(INFORMATION GIVEN):
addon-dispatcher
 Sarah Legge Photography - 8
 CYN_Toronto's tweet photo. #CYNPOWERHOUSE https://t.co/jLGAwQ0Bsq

* * *

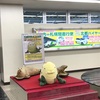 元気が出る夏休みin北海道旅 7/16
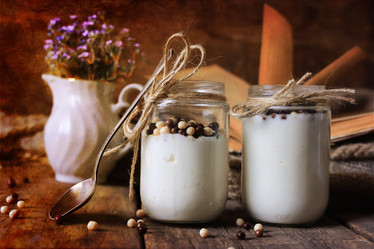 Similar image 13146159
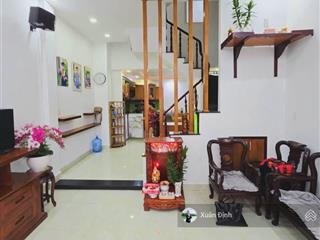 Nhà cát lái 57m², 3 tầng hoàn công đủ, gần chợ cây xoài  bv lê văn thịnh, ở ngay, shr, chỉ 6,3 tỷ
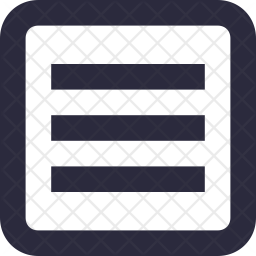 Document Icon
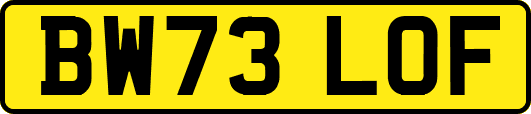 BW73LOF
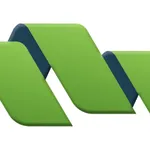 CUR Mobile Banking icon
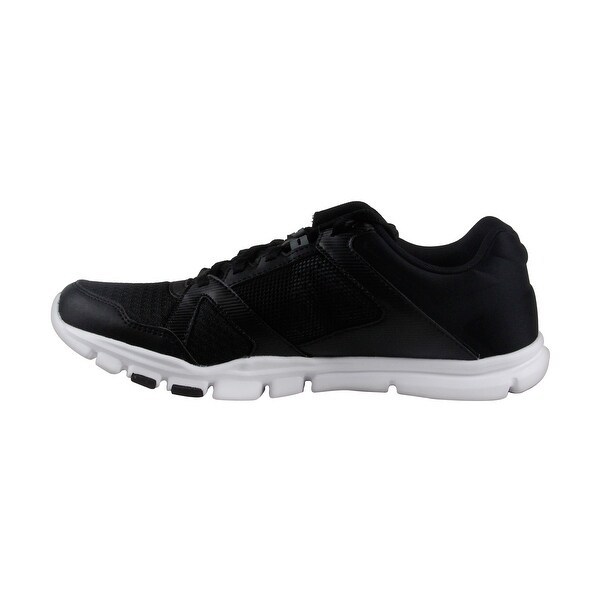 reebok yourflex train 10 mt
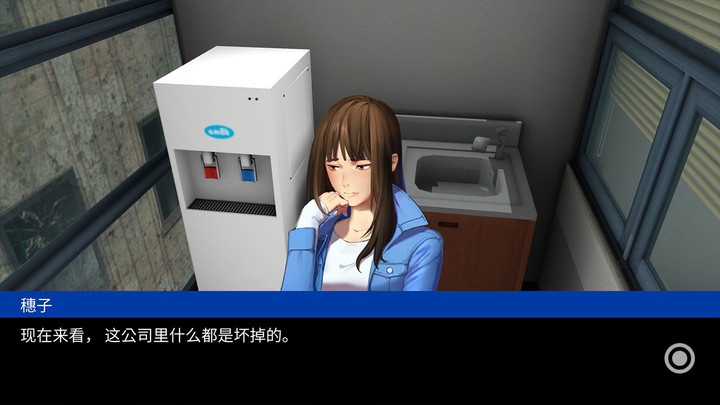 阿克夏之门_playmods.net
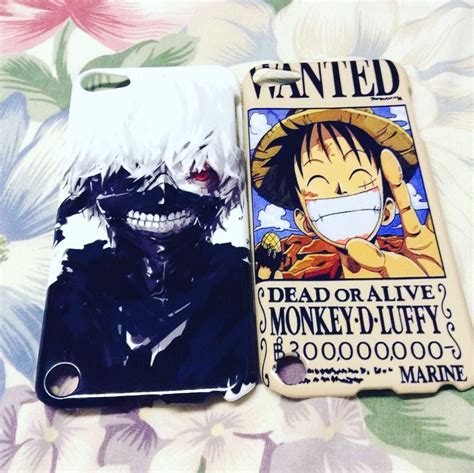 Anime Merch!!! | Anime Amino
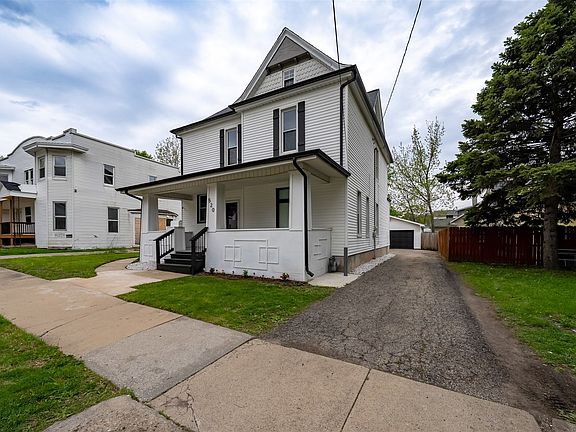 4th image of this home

* * *

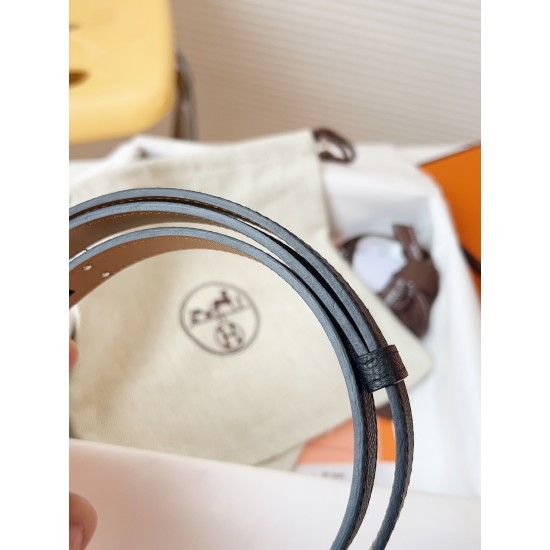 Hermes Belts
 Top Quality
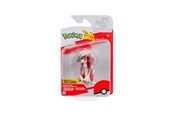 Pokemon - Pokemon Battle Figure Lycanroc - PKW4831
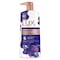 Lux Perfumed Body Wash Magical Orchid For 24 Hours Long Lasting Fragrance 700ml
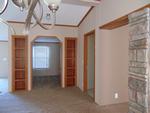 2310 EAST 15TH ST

(WORK TO BE COMPLETED):
Transcribe only the lines above that start at the line containing "Lux Perfumed Body" and end at the line containing "2310 EAST 15TH ST". Omit pictures.

(ANSWER SPACE):
 Lux Perfumed Body Wash Magical Orchid For 24 Hours Long Lasting Fragrance 700ml
 2310 EAST 15TH ST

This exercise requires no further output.